In the output, lxml closes the ol before the ul starts, which changes the list structure.

Why is it doing that?

Can I get lxml to parse HTML in such a way as to preserve the list structure?

EDIT: NOTE that this example parses fine if I replace ul with ol (<ol><ol><li>item</li></ol></ol>), or if I replace ol with ul (<ul><ul><li>item</li></ul></ul>). The output is unchanged from the input.

I don't have control over the HTML, it could come from anywhere.

I'm using lxml 4.6.3, installed from PyPi, and python 3.9.

OR, is there another way to parse HTML in a way that I can pull list text out of it preserving the list structure in Python?

Just so you know, I'm using lxml to drop attributes, so below is code that is closer to my use case. However, I wanted to give the smallest reproducible test case first.
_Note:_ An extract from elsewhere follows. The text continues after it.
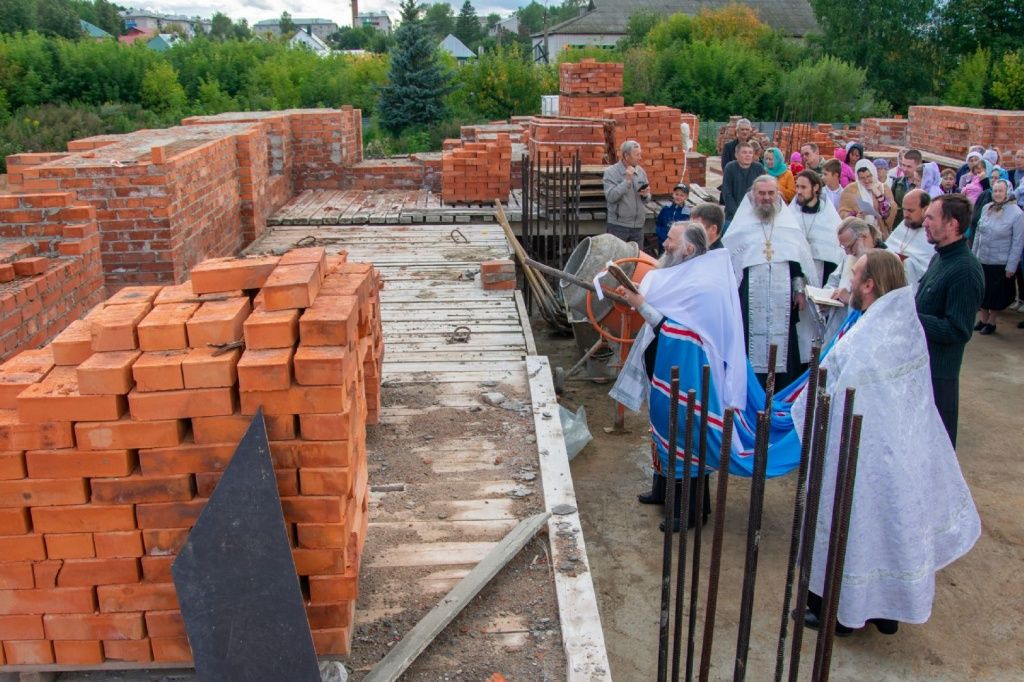 Храм строится на средства прихожан и благотворителей. (Фото Марийской митрополии).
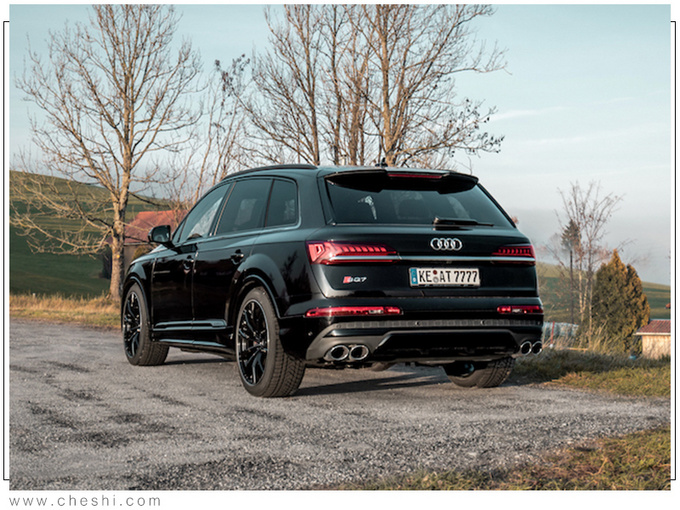 奥迪新款sq7加强版实拍搭40t引擎动力大涨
Code closer to my use case:

import sys

import lxml.html.clean as clean
from lxml import etree, html

document_root = html.fromstring(sys.stdin.read())

cleaner = clean.Cleaner(safe_attrs_only=True, safe_attrs=frozenset())
cleansed = cleaner.clean_html(document_root)

# Do something with the lists in cleansed, defined by ol, ul, and li ..

print(etree.tostring(cleansed, encoding='unicode')

Solution

  • I think neither HTML 4 nor HTML5 allows an ul element as a child of an ol element. Only li elements can be direct children.

    That might be why an HTML parser builds a tree structure not representing the nesting you have in your input markup. Whether a "traditional" HTML 4 parser, like probably implemented in lxml's/libxml's HTML parser algorithm, did the same change to the structure is something I don't remember and I am not sure where to test it.

    While two HTML5 validators flag your ul as a not-allowed child of ol, current browsers seem to preserve that nesting.